If you're receiving SSDI and considering returning to work, the Trial Work Period (TWP) is one of the most important protections built into the program. It allows you to test your ability to work without immediately losing your benefits — but the rules have specific thresholds, timelines, and follow-on periods that every SSDI recipient should understand.

What Is the SSDI Trial Work Period?

The Trial Work Period is a Social Security work incentive that lets approved SSDI recipients attempt to return to work while still receiving their full monthly benefit. The SSA doesn't count any month as a "trial work month" unless your earnings exceed a set threshold — and you have up to nine trial work months to use before SSA evaluates whether your work activity has become substantial.

Those nine months don't have to be consecutive.

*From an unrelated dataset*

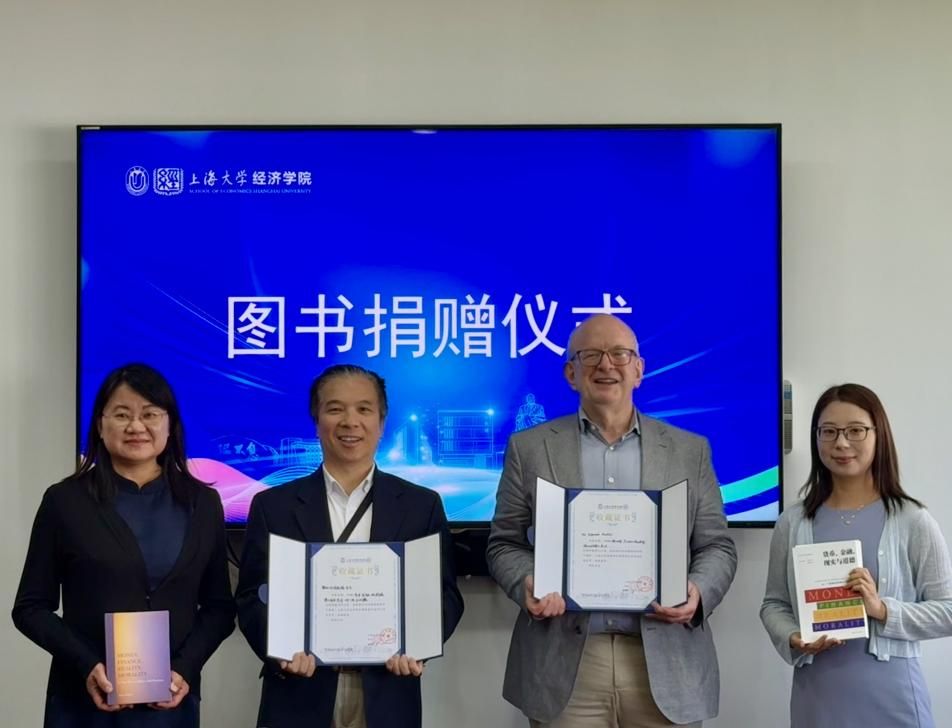 35B11807CDBD2E099BEC1A44A4B_D6116FC2_10E75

They accumulate over a rolling 60-month window. Once you've used all nine, SSA reviews whether you're earning above the Substantial Gainful Activity (SGA) level.

2021 Trial Work Period Threshold

In 2021, a month counted as a trial work month if your gross earnings exceeded $940. (For self-employed individuals, SSA uses either the earnings amount or a calculation based on hours worked — typically more than 80 hours in a month in your business.)

This threshold adjusts annually with the national wage index, so the figure that applied in 2021 may differ from the current year's amount. Always verify the current threshold directly with SSA.

YearTWP Monthly Threshold
2020$910
2021$940
2022$970
2023$1,050

What Happens After the 9 Trial Work Months?

Once you exhaust your nine trial work months, SSA enters a different phase called the Extended Period of Eligibility (EPE). This is a 36-month window during which your benefits can be turned on or off depending on whether your monthly earnings exceed the SGA threshold.

In 2021, the SGA threshold was:

  • $1,310/month for non-blind individuals
  • $2,190/month for statutorily blind individuals

If you earn above SGA during the EPE, SSA will suspend your benefit for that month. If you drop back below SGA, benefits can be reinstated — without filing a new application — during that 36-month window. 🔄

This distinction matters: the TWP threshold and the SGA threshold are two separate numbers serving two different purposes.

The 5-Month Waiting Period Has No Interaction Here

One common point of confusion: the five-month waiting period that applies when you first become entitled to SSDI has no bearing on trial work period rules. The TWP is only relevant once you're already receiving benefits and begin working again.

Variables That Shape How This Plays Out

The TWP rules are uniform — the thresholds apply to everyone on SSDI. But how the period plays out depends heavily on individual factors:

Earnings pattern. Someone who earns just over the $940 threshold occasionally accumulates trial work months slowly. Someone consistently earning $1,200/month burns through all nine months much faster — and reaches the EPE sooner.

Self-employment. The calculation for self-employed recipients is more complex. SSA may count a month based on hours worked rather than earnings alone, which can lead to different outcomes than for wage employees.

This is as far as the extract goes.